First, I have another dream to report. It was a bit strange, but not too disturbing. I dreamt I was in attendance at a large outdoor gathering. The purpose was either unknown to me at the time or has been lost forever to dreamland.
Thousands of people were there from all sorts of disciplines and occupations. I recognized two people: the first General Manager for whom I worked in baseball (who died last December) and the brilliant former high school classmate of whom I have written before, like here.
The two wound up in close proximity and my former classmate tried to strike up a conversation. My former boss seemed totally disinterested and began moving away.
I approached my former boss and began to tell him he had no idea from whom he was walking away. I rattled off my former classmate’s academic achievements, but my former boss moved away from me quite quickly.
As is the case with all dreams I can remember that had deceased people in them (except one), the former General Manager did not speak. I don’t believe that all dreams are just random neural firings with no meaning. I used to have very similar dreams over and over, like driving in my car and realizing that I was lost and in a bad neighborhood. What last night’s dream meant, though, is beyond me.
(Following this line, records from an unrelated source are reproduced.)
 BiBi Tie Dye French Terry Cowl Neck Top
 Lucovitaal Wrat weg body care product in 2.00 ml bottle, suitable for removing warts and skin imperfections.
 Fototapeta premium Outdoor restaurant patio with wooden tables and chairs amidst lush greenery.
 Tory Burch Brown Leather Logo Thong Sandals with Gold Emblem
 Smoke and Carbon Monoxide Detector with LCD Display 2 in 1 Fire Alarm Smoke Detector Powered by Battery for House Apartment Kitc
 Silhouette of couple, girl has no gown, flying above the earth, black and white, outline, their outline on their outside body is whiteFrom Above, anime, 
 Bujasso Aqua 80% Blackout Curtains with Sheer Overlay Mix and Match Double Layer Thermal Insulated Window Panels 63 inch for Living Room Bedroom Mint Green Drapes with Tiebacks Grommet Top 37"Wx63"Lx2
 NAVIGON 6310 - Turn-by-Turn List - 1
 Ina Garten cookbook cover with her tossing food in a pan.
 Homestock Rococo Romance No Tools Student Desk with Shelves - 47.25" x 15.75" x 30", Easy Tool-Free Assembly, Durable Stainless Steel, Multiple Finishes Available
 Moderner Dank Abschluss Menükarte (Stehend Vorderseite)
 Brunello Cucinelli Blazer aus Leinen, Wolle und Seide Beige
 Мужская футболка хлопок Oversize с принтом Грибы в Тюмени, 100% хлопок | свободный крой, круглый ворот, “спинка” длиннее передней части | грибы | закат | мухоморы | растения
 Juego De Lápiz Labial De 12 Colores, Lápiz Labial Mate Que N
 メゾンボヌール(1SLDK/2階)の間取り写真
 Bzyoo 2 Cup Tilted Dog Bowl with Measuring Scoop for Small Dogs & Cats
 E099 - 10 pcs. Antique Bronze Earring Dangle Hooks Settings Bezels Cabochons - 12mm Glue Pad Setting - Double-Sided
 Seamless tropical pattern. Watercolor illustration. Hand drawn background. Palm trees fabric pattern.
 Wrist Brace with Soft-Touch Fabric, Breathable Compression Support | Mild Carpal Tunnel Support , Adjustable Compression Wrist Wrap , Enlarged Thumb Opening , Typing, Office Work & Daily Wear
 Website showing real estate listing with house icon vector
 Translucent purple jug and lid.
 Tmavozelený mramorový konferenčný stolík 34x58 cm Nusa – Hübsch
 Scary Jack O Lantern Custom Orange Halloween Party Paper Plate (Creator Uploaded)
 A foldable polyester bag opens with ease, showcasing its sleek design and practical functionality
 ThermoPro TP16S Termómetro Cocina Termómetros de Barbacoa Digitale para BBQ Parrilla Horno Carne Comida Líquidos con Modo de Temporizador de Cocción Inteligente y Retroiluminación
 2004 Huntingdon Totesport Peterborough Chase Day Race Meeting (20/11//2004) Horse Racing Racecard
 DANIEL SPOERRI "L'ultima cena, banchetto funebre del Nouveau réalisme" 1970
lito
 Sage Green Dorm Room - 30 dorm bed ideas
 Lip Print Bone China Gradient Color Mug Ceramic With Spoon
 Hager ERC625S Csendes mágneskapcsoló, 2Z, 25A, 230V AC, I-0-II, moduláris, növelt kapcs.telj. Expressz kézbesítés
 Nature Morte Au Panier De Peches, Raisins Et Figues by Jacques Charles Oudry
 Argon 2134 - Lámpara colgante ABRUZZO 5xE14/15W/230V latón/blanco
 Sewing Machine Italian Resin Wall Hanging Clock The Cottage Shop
Every regular reader should already know the identity of today’s Hall of Very Good Cars member. I mean, I just wrote about it yesterday.
In case you can’t tell, or even if you can, these pictures of a current generation Toyota Supra were taken at the Mecum auction in Glendale, Arizona in March, 2022. Yes, I would buy one in yellow although I would prefer red or gray/silver.
These cars are built on the same assembly line in Graz, Austria as the current generation BMW Z4 convertible. In an episode of Everyday Driver Todd Deeken remarked, “I’m not sure what would offend more people: that the best Toyota currently made is a BMW or that the best BMW is a Toyota. You’re equally offended.”
The current Supra is basically a BMW, but with Toyota badging. Paul Schmucker said during the same episode, “BMW built a car for Toyota with better steering feel and handling than they built for themselves.”
I would opt for the turbo six engine and an automatic transmission. (Both Everyday Driver hosts had much praise for the Supra automatic.) BMW has developed a reputation for understating engine output; many feel–and have proof–that the Supra is not immune from this sandbagging. Although the stated output for the Supra six-cylinder engine has been increased from 335 to 382 HP, many people have dyno slips showing the horsepower number begins with a 4. The official torque rating is 368 LB-FT. Remember that this car’s curb weight is just 3,400 pounds.
I know their styling is not everyone’s cup of tea, but I have grown very fond of the look of this car. In person, it’s almost as if the car is alive and exuding a strong presence.
I have not decided for sure that I will sell the Z06 and buy one of these. New Supras are not available around here as the ’22s are sold out and the ’23s have not been delivered. Used ones are not plentiful, either. My preference would actually be to buy one from Carvana, but they didn’t have any available cars listed yesterday anywhere in the country. Carvana doesn’t charge any “garbage fees” as my wonderful wife calls them going back to her days in the mortgage business. Also, I can drive the car for a week and if I don’t like it, they will take the car back, no questions asked.
I guess I will just have to wait and see how I feel when my Z06 is returned. If the feeling of trepidation does not wane quickly, I will probably sell the car.